I've felt this way since I was 4. When I realized why I felt that way, and that I wasn't the only one, I gave myself two years. Two years to figure out exactly what I wanted, where I wanted to go with my life, and how I needed to go about that. It's been more than two years, I'm dead set and nothing can change my mind. But I've got to make sure I do it right, I'm not in a position to save the money, but I can afford T, and I have an appointment with a doctor who prescribes hormones on informed consent.
As far as surgeriy, I'm willing to sacrifice waiting time and money, in exchange for quality. I have a friend who went the illegal route, he says the thing he regrets is being wreckless and jumping for surgery in a foreign country. His results weren't bad, but they could have been better, and he really got lucky.

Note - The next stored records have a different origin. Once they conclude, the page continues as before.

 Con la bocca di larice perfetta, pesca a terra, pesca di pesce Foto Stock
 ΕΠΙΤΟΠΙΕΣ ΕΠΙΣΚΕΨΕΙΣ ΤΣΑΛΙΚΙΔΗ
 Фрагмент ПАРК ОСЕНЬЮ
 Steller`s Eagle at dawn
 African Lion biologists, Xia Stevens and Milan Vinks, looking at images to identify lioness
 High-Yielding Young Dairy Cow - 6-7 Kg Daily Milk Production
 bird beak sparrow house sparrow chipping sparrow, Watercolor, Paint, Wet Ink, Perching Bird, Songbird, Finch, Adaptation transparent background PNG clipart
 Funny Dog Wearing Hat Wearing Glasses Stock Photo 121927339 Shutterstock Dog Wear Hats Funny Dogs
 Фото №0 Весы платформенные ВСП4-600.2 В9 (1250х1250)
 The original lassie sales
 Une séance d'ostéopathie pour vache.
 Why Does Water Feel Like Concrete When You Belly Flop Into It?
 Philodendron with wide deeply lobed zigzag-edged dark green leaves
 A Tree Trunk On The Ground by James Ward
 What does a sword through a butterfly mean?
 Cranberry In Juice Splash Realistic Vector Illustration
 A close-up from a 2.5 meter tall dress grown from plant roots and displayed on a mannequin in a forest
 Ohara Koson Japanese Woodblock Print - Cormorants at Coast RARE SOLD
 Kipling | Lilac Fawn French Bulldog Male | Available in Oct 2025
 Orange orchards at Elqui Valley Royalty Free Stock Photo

I've had over two years to figure everything, what therapist, which hormones and how to get them, which surgeries, which surgeons, and what order.
I've got my therapist, I've got an appointment with Dr. Gary Smith for hormones (recommended by my doctor and my therapist) which I want to be on before Ukraine next summer, I want top surgery and sculpting before I graduate from from a surgeon in Florida, and either after I have work or if I can get a grandparent loan I want to get the full phalloplasty by Perovic in Belgrade. If I can find a local or US surgeon who performs the same type of hysterectomy as Perovic I'll probably have that done sooner, but otherwise I'm willing to wait, for the sake of optimum quality. I have yet to find surgeons better than these two (for what I want) so I'm set on them specifically. If I rushed into Surgery right now, I know I'd regret giving up the possibility of better quality. I'm trying to be happy in my body, and that requires surgery that I can be pleased with and not have to worry about if "it could have been better".